Assume we need to design an amplifier with the following specification.
- Load capacitance \(C_L\).
- Gain-bandwidth product \(f_u\).
Choose The Topology
Assume we choose the simple 5 transistor amplifier as the topology. Also we commonly use PMOS as the input differential pair because in many technologies:
- With same \(g_m\) and \(I_d\), PMOS will have larges size, thus smaller offset.
- N-well is more clean than the substrate.
- PMOS have less flicker noise, because of the larger size and holes are far from surface or interface compared with electrons.
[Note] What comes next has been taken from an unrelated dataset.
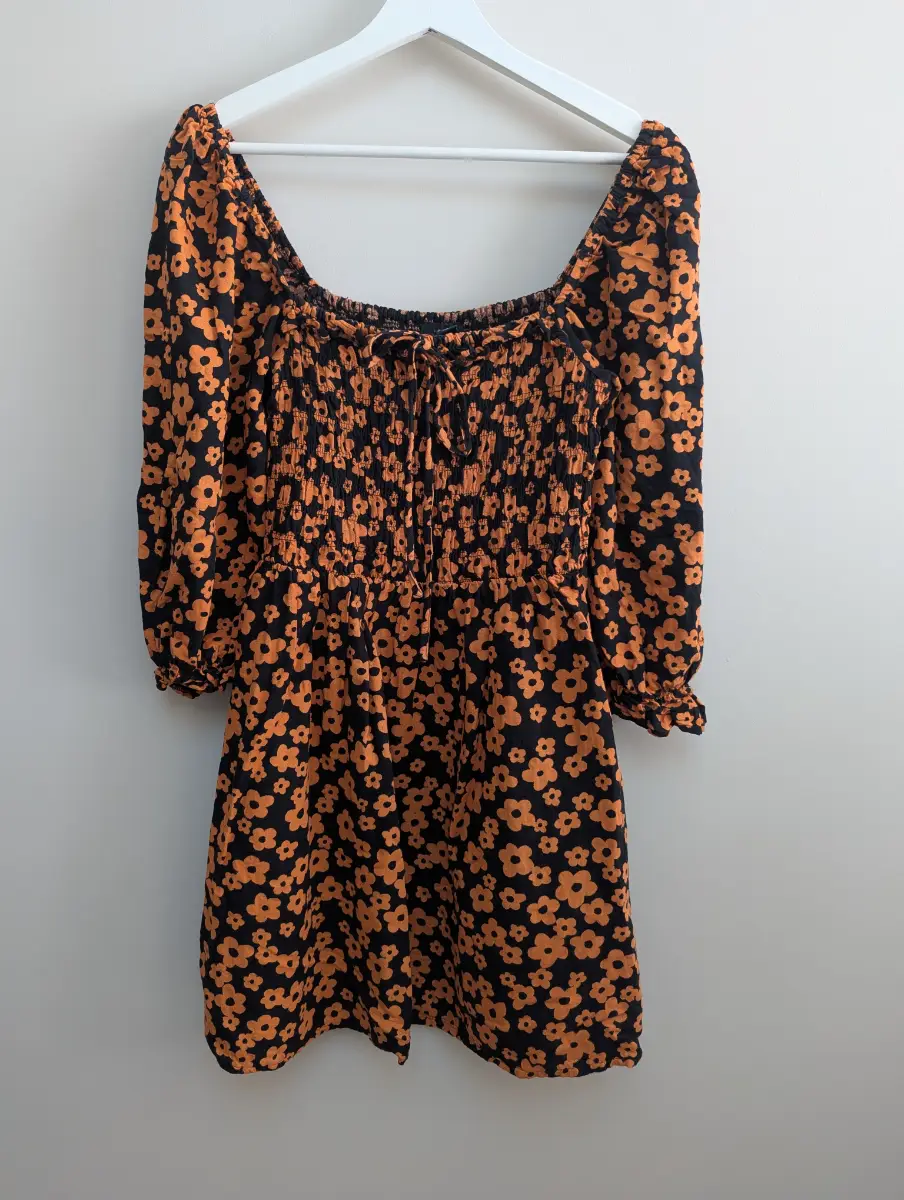 New Look Orange Floral Mini Dress Linen Blend Size 14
Choose The \(g_m/I_d\) Ratio For Each Transistor
If the focus is low noise (instead of small input capacitance), we will use larger \(g_m/I_d\) (e.g., 25) for the input differential pair. Since with the same current, they give us larger \(g_m\), thus smaller input referred voltage noise \(4kT\gamma / g_m\).
For the current mirror, we will use smaller \(g_m/I_d\), to reduce the current noise \(4kT \gamma g_m\). However, if \(g_m/I_d\) is too small, the transistor will need a large overdrive voltage, then a small head room for the amplifier. As a example we may choose \(g_m/I_d=16\) for the current mirror transistors.
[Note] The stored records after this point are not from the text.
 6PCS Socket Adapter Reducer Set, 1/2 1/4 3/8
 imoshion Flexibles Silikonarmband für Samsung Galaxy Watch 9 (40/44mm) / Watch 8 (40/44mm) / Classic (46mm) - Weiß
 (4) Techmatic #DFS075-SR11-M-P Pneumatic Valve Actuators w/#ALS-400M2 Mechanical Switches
Choose The Channel Length For Each Transistor
The choice of channel length is a bit arbitrary. In general longer channel will give higher intrinsic gain (\(g_m/g_{ds}\)). Usually we simulate the PMOS and NMOS seperately, to find the relation between channel length and intrinsic gain. In many technologies, intrinsic gain will increase until a certain channel length. We may choose such channel length as the initial design, to have enough gain without having too much parasitics.
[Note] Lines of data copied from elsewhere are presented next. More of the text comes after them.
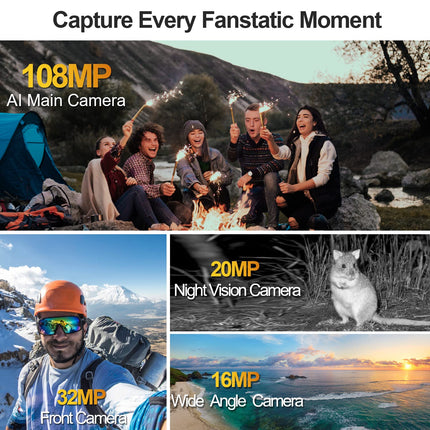 DOOGEE VMAX 5G välistingimustes kasutatav nutitelefon ilma lepinguta, 20 GB + 256 GB mõõtmed 1080, 22000mAh suur aku, 108MP kaamera, 6,6" FHD+ 120hz välistingimustes kasutatav nutitelefon Android Dual SIM IP68 veekindel OTG NFC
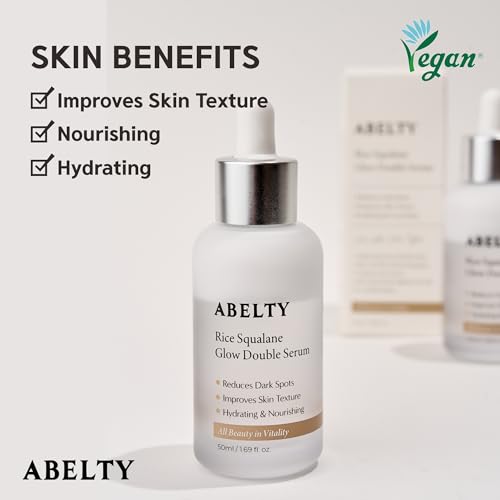Rice Squalane Glow Double Serum ? Korean Hydrating Serum with Olive Squalane 5%, Rice Extract ? Glass Skin, Anti-Pigmentation, Even Skin Tone, 50ml / 1.69 Fl.oz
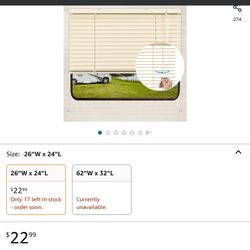Kohree 26” W x 24” L RV Blinds Shades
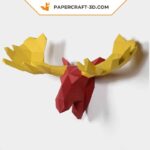 Papercraft deer head in 3D origami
Find The \(I_d/W\) Ratio For Each Transistor
At the same time, simulate the \(\dfrac{I_D}{W}\) vs. \(\dfrac{g_m}{I_D}\) plot, for the later width determination. Since we have decided the \(g_m/I_d\) ratio for each transistor, the \(I_d/W\) value can be found through the plot.
Find The First \(g_m\)
For the 5 transistor amplifier, the \(g_{mp}\) of the input differential pair can be determined by
\[2\pi f_u = A_v \cdot \omega_p = g_{mp} R_o \cdot \dfrac{1}{R_o C_L} = \dfrac{g_{mp}}{C_L}\] \[g_{mp} = 2\pi f_u C_L\]Find All The Currents
We can use
\[I_{D} = \dfrac{g_{m}}{g_m/I_D}\]to determine the current for the input differential pair. Then all the currents can be determined by the topology.
Find All the Width
We can use
\[W = \dfrac{I_D}{I_D/W}\]to determine all the width of each transistor.